Summer vacation is almost here, and the last thing you probably want to think about is more school. But if you're a baseball fan, there's a course being offered by the online learning site edX that you might want to take a look at.

Sabermetrics 101: Introduction to Baseball Analytics is a six-week class that begins tomorrow. It walks students through the fundamentals of sabermetrics and examines some interesting baseball history through stats analysis. But it also provides an overview of the basics of data science and the computer programming languages, like R and SQL, needed to crunch all that advanced information.

"The idea is to gently show interested learners the tools needed to become a very proficient data scientist," says Professor Andy Andres, who teaches Sabermetrics 101. "Now, we don't create proficient sabermetricians in six weeks. What we do is lay the foundation for people to become great sabermetricians if they want to."

Andres is a Senior Lecturer of Natural Sciences and Mathematics at Boston University. But he's also a massive baseball fan. He's been obsessed with the game ever since his grandfather taught him how to read a box score. He played as a kid, and still plays today (usually third base). When he was 8 years old, he would listen to radio broadcasts and calculate batting averages in real time. "I would be very proud of myself when I had the correct batting average and the announcers got it wrong. I was, like, "No no! Tommy Agee is hitting .293, not .292!"" he says. "So that was just me, an 8-year-old baseball nerd."

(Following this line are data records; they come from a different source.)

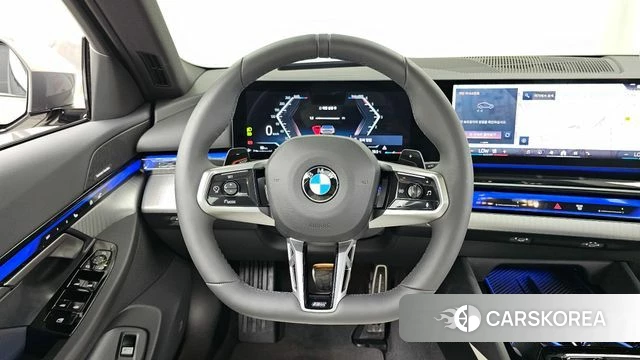BMW 5 Series (G60) 2025 Серебристо-серый из Кореи, фото 4
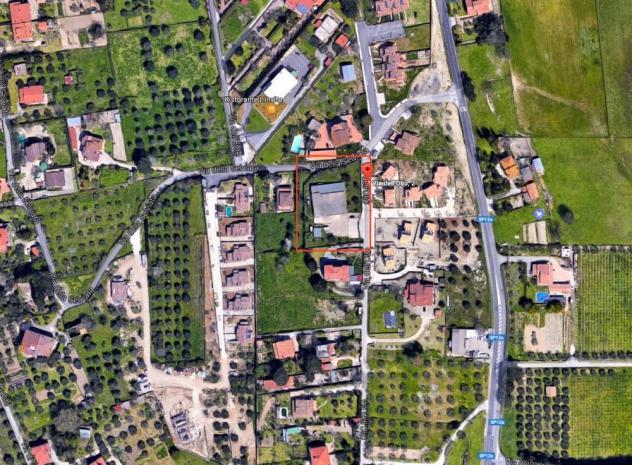 Compendio Immobiliare ad Alto Reddito con Capannone e Terreno - Foto 13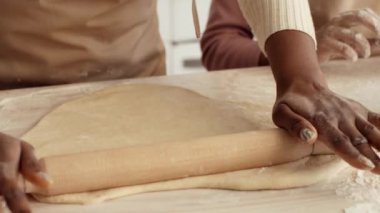 Bir anne ve kız mutfaklarında neşeyle yemek pişiriyorlar. Birlikte hamur işleriyle uğraşıyorlar, lezzetli hamur işleri yapıyorlar, aynı zamanda özel anları paylaşıyorlar ve gülüyorlar..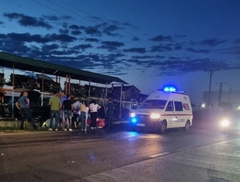 Nezgoda na putu Bijeljina - Ugljevik, vatrogasci morali sjeći vozilo (FOTO)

When Andres grew up, he earned his PhD in Nutritional Biochemistry and Physiology from Tufts University in Massachusetts. Once he began teaching, he still loved and played baseball and thought there might be a way to bring the game into the classroom. So about 10 years ago, he pitched the idea of starting a sabermetrics course at Tuft’s Experimental College. The class was approved, and since 2004 Andres has been instructing students in the basics of sabermetrics, data science, and advanced statistical analysis.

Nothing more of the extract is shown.